Mr. George Travers (p. 206) °

Much confusion has been caused by this reference. Mark Hodson’s original note is reproduced in smaller type below, but I [NM] find it unconvincing, for reasons noted below it. It seems simplest to assume that George Travers is the brother of Tom Travers. [Note added 2025-01-27: And there’s a simpler explanation: that Bertie’s late mother was a member of the Travers family, so Tom Travers and George Travers were Bertie’s maternal uncles, and that Agatha, Dahlia, and George Wooster (Lord Yaxley) were siblings of Bertie’s late father. This explains nearly everything.
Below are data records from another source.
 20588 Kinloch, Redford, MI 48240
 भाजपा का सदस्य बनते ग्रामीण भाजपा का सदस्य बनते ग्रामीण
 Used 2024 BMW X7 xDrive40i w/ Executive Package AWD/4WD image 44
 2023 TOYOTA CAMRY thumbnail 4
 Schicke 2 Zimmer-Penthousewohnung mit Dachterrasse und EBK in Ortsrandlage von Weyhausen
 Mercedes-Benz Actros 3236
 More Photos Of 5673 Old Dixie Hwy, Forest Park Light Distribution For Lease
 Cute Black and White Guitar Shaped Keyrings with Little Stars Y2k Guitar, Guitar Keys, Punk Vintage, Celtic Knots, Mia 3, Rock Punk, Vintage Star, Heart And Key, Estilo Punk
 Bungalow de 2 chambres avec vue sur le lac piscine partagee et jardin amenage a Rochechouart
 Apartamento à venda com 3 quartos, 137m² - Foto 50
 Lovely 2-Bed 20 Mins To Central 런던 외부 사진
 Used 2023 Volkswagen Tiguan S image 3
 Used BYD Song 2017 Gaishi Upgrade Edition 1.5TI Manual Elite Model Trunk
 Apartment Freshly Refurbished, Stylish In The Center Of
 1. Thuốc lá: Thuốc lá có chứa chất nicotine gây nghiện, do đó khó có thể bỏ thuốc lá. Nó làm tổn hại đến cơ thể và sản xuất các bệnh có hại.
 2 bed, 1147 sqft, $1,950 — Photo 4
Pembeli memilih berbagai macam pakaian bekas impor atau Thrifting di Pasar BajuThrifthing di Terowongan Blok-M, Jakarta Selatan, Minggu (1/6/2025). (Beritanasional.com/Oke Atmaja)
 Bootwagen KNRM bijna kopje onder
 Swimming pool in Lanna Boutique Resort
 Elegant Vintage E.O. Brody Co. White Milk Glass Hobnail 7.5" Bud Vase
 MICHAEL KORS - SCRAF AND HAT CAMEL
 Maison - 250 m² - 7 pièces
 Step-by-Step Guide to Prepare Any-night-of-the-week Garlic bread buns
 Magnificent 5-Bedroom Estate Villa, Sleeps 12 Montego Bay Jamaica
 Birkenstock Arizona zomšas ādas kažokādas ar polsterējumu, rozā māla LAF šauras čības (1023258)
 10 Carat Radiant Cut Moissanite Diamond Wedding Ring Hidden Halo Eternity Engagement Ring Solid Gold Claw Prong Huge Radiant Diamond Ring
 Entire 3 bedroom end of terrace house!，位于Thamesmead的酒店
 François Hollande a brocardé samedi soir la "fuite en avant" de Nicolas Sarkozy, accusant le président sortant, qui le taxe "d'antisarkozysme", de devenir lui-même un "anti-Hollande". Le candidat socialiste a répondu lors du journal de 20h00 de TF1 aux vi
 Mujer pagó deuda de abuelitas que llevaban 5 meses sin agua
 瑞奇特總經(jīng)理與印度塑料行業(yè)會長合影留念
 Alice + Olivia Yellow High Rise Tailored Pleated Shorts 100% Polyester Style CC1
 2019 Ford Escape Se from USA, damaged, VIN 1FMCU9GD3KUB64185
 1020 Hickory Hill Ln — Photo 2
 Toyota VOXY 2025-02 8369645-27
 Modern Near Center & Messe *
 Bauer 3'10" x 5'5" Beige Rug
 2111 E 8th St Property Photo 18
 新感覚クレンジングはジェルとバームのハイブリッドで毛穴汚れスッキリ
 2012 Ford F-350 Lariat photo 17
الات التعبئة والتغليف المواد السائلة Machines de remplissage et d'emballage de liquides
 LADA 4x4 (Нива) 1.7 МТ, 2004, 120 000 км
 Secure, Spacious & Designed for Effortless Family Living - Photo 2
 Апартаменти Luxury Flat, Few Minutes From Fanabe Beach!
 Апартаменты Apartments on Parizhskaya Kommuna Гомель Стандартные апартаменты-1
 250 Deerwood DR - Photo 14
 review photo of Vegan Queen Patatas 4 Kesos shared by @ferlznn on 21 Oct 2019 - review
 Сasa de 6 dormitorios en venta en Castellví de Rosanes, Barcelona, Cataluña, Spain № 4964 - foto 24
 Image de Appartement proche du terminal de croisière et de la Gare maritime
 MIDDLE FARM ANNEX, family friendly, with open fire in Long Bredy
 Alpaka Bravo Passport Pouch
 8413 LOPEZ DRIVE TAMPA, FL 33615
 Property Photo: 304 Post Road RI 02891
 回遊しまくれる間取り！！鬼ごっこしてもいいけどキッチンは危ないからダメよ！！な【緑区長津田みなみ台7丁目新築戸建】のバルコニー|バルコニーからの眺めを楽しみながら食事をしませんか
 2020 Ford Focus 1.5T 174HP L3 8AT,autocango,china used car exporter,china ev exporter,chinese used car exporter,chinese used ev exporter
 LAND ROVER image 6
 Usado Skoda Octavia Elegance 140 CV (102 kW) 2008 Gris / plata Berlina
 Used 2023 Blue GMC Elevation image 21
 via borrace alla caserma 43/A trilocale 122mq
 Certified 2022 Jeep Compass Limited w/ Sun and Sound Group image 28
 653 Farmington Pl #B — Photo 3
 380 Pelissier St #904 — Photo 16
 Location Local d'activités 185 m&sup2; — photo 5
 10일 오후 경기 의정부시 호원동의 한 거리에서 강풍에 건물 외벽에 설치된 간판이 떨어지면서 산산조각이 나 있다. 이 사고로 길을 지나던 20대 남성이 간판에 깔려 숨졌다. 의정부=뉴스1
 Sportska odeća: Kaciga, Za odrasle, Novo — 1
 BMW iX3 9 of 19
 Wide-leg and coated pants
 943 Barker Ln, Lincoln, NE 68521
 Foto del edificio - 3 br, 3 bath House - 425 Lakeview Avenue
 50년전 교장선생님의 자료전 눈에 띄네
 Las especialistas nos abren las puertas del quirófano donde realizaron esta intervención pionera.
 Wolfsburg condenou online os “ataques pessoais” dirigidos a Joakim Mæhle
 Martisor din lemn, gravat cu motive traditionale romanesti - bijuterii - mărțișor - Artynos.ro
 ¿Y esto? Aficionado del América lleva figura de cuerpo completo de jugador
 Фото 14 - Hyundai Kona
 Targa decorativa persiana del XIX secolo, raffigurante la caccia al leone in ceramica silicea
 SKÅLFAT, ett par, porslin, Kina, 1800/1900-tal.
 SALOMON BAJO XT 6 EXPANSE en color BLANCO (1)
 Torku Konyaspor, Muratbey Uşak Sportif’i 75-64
See the new end paragraph, below.]

Further confusion came when the editors of the Jeeves Omnibus/The World of Jeeves volumes substituted “Lord Yaxley” (né George Wooster, Bertie’s other Uncle George) for “Mr. George Travers” in Jeeves’s announcement here.

Jeeves could be mistaken here. If Uncle George is related to Tom Travers, it is unlikely that he would be Bertie’s uncle (Tom is only an uncle by marriage), and it would be rather an odd coincidence for him to share the surname if they are not related. In any case, evidence elsewhere suggests that Uncle George must be a Wooster.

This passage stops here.